Senin 16 May 2016 18:08 WIB

Pakar: Manuver Luhut Sudah tidak Bisa Ditoleransi

Rep: Qommarria Rostanti/ Red: Esthi Maharani
Peserta Munaslub mengikuti sidang Paripurna Musyawarah Nasional Luar Biasa (Munaslub) Partai Golkar 2016 di Nusa Dua, Bali, Ahad (15/5).  (Republika/ Yasin Habibi)
Foto: Republika/ Yasin Habibi
Peserta Munaslub mengikuti sidang Paripurna Musyawarah Nasional Luar Biasa (Munaslub) Partai Golkar 2016 di Nusa Dua, Bali, Ahad (15/5). (Republika/ Yasin Habibi)

REPUBLIKA.CO.ID,‎ JAKARTA -- Pakar politik dari Universitas Indonesia (UI) Arbi Sanit menilai manuver Menko Polhukam Luhut Binsar Pandjaitan sudah tidak bisa ditoleransi. Apalagi secara terang-terangan dia mendukung Setya Novanto untuk jadi Ketua Umum Partai Golkar yang notabene pernah mencatut nama Presiden Jokowi dalam kasus 'papa minta saham'.
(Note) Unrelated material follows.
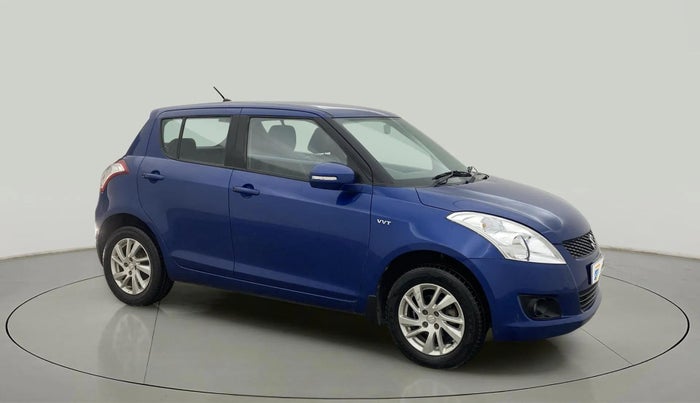 2013 Maruti Swift ZXI, Petrol, Manual, 44,985 km, Right Front Diagonal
"Setya dan Luhut itu seperti lingkaran setan. Mereka saling melindungi satu sama lain. Setya lindungi Luhut di kasus 'papa minta saham' dan sekarang Setya minta didukung supaya jadi Ketua Umum Golkar," kata Arbi di Jakarta, Senin (16/5).

Dia juga menilai Luhut mendukung Setya agar memiliki kekuatan politik di lingkungan Istana karena selama ini anggota Dewan Pertimbangan Partai Golkar tersebut tidak memiliki partai yang bisa dikendalikan. Arbi pun meminta Presiden Jokowi tidak tinggal diam melihat menterinya bermanuver.

"Kalau alasan Luhut mendukung Setya karena dia adalah anggota Dewan Pertimbangan Golkar, harusnya dia mundur dari jabatan Menko Polhukam karena Presiden Jokowi menegaskan menteri tidak boleh masuk dalam struktur partai," ujarnya.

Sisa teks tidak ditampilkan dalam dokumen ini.